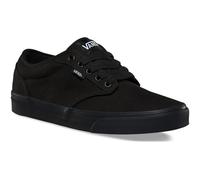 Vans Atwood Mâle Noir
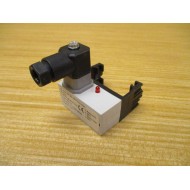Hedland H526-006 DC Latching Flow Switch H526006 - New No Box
==
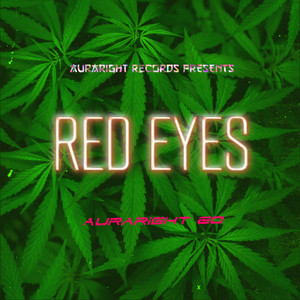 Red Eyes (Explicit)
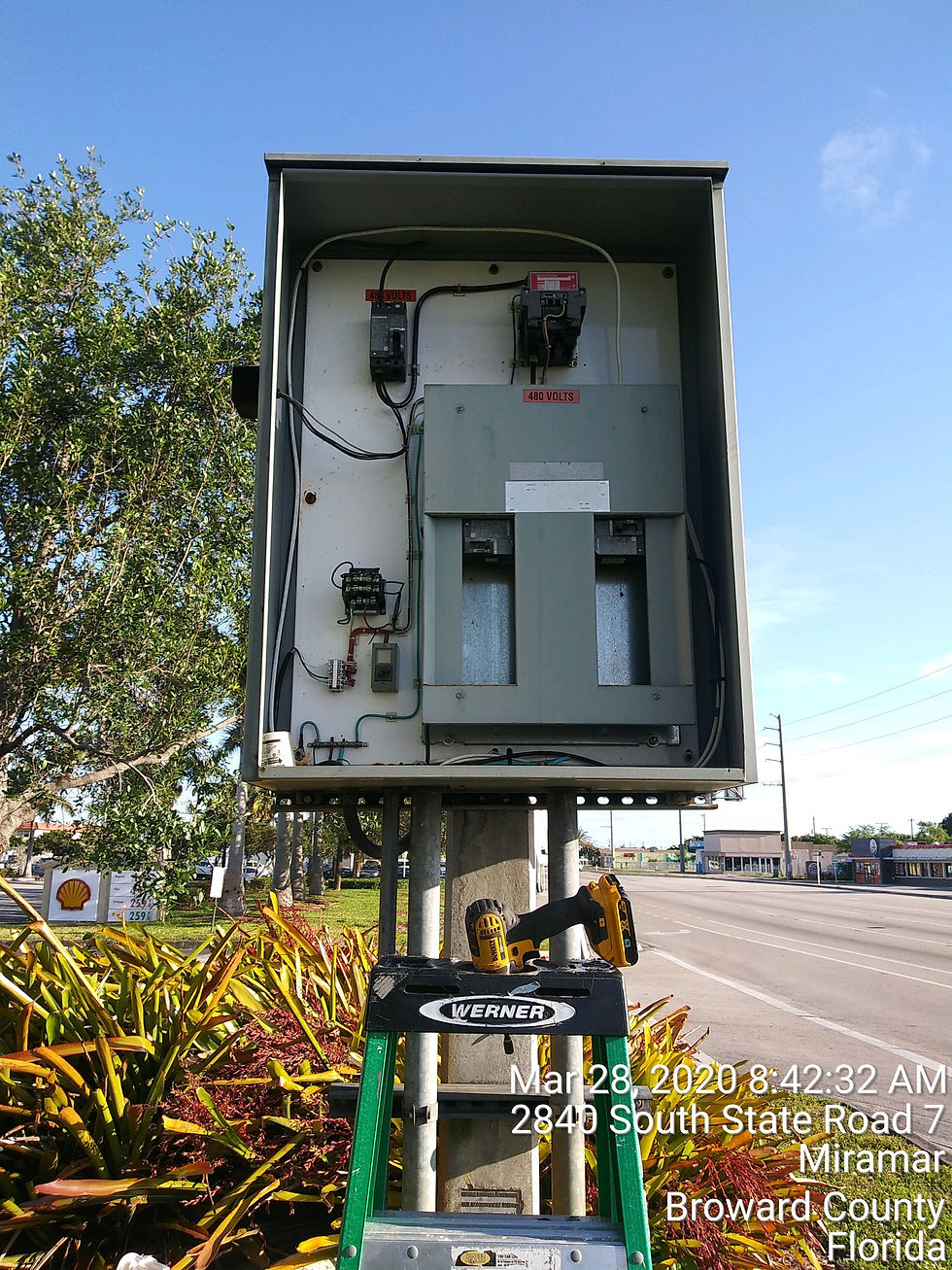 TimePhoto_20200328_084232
...
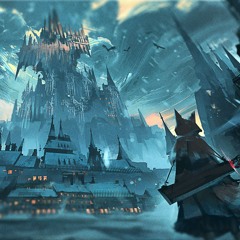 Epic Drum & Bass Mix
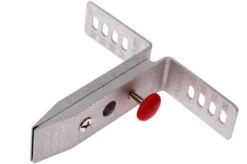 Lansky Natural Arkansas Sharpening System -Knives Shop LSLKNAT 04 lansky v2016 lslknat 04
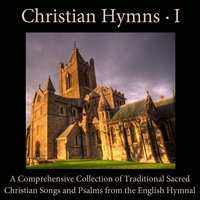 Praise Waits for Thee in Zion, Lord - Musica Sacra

YOUR OBJECTIVE: Copy the lines above exactly, starting with the line that contains "Vans Atwood Mâle Noir" and ending with the line that contains "Hedland H526-006 DC", and leave out any pictures.

EXERCISE OUTPUT:
 Vans Atwood Mâle Noir
Hedland H526-006 DC Latching Flow Switch H526006 - New No Box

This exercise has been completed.